Magazine, website & books written by teens since 1989

Thanksgiving in Italia This work has been published in the Teen Ink monthly print magazine.

By
     My family has never celebrated Thanksgiving anywhere except in our own dining room, on our shiny lacquer table, with the turkey and all. So when my parents suggested going to Europe in November instead of January, my heart momentarily sank. I had been to Italy before and loved it, but relocating our Norman Rockwell Thanksgiving to the Mediterranean somehow seemed ... wrong.

My experience in Italy, as one might expect, was fantastic by any standard. My family stayed in Milan, the fashion capital of the world. This meant that any time we were tired of Renaissance art museums or quaint trattorie (as if it’s possible to get tired of them), we could stroll down to Via della Spiga and see all of next season’s designs in Gucci’s boutique and Dolce & Gabbanna’s House of Couture. We even passed Gianni Versace’s former residence!

As you might expect, Thanksgiving was an interesting experience. Americans, usually identifiable in any corner of the globe, could now best be recognized as the people wondering out loud which trattoria might be serving turkey. My family did not attempt to recreate our usual Thanksgiving traditions; we thought it would be more interesting (and memorable) to have a regular Italian dinner. It was slightly bizarre to be spending such a beloved and important American holiday in a country where it’s just another Thursday in November.
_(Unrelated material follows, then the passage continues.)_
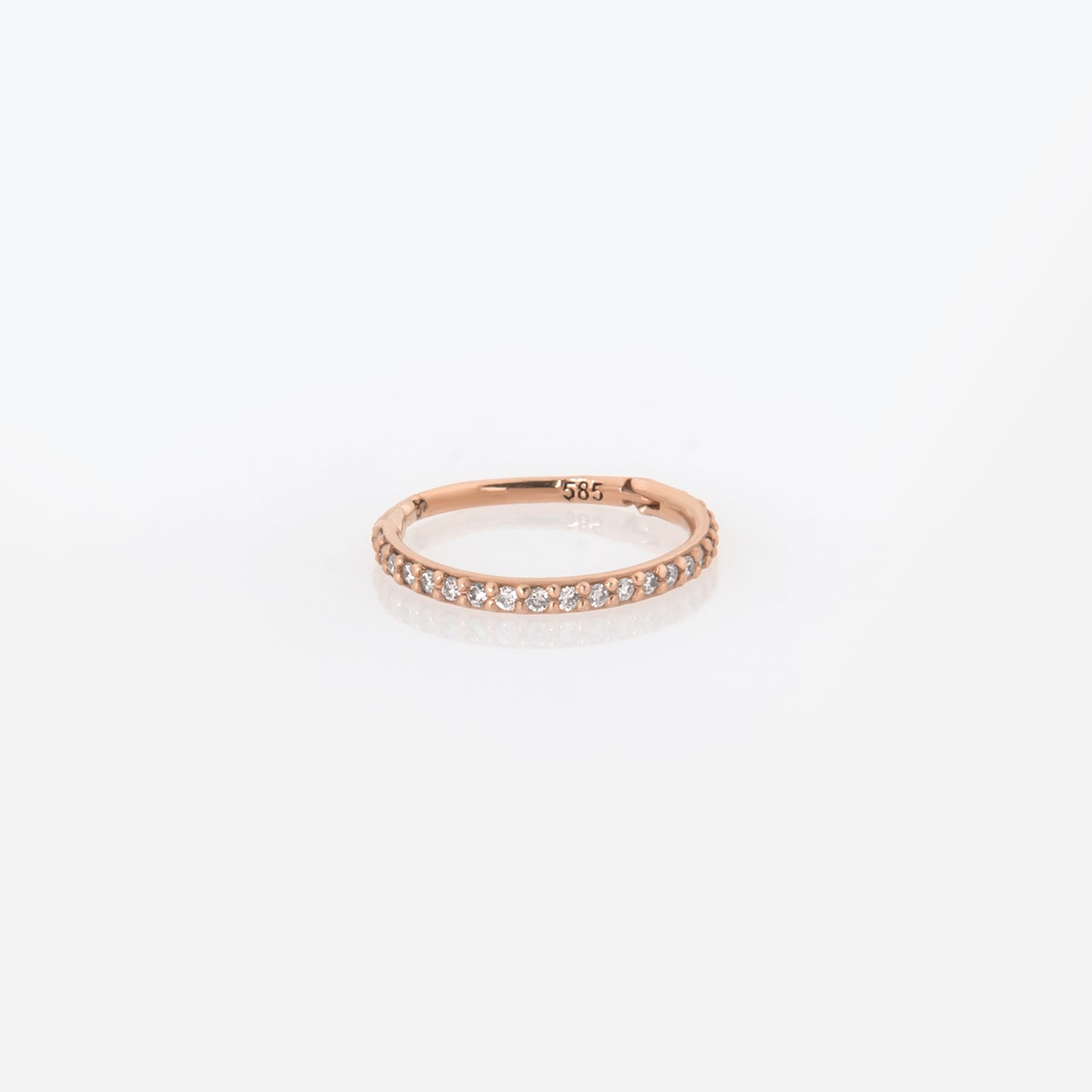 Gemstone Helix Piercing Earring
American holidays aside, we tried to spend our vacation seeing as much of northern Italy as we could during our week there. We even drove to Venice for a day. Though the weather was inconveniently drab, by the time we got there, the sun had come out. Every romanticized story you’ve heard about gondolas and the Bridge of Sighs is true; if you go to Europe just once in your life, head straight to Venice. The highlight of our trip was definitely riding the ferry boat with the sun setting behind the Basilica de San Giovanni; I could attempt to describe it, but there really are no words.

Two days before we left, we drove to Florence, thoroughly confused the entire way because apparently the Italians call it “Firenze.” The drive was a gorgeous, three-hour excursion through Tuscany, with curvy bridges and dark tunnels over miles and miles of stunning countryside. Once there, you realize that the entire city is a mass of peach buildings with red roofs, sort of like suburbia but much more exotic. Unlike Milan, the shops and restaurants (even the high-end ones) are small and feel hidden, nothing flashy like in major cities, which makes this town even more picturesque and charming. Of course, we could not leave without checking out the Uffizi, one of the pre-eminent art museums in Europe, with Michelangelo’s “David” in his enormous glory.

Back in Milan, we spent a good portion of our time exploring the Duomo, a European cathedral that often is overshadowed by Paris’s Notre Dame, but I assure you it is no less fantastic. As the second largest Gothic cathedral in the world, you can only imagine how impressive the spires and altars are. The roof is open to visitors; for five Euros, you can circumnavigate the building and see the entire city from every angle. Simply put, it’s a panoramic shot that no camera lens can capture; you really have to experience this thrill for yourself.

When our break was over and school and responsibilities demanded our return, I was heartbroken to leave this amazing place, so full of nice people, great shops, and delicious food. Though it was not the Thanksgiving that Norman Rockwell depicted, I think that even he would agree the Italian experience is one that anyone would be lucky to have.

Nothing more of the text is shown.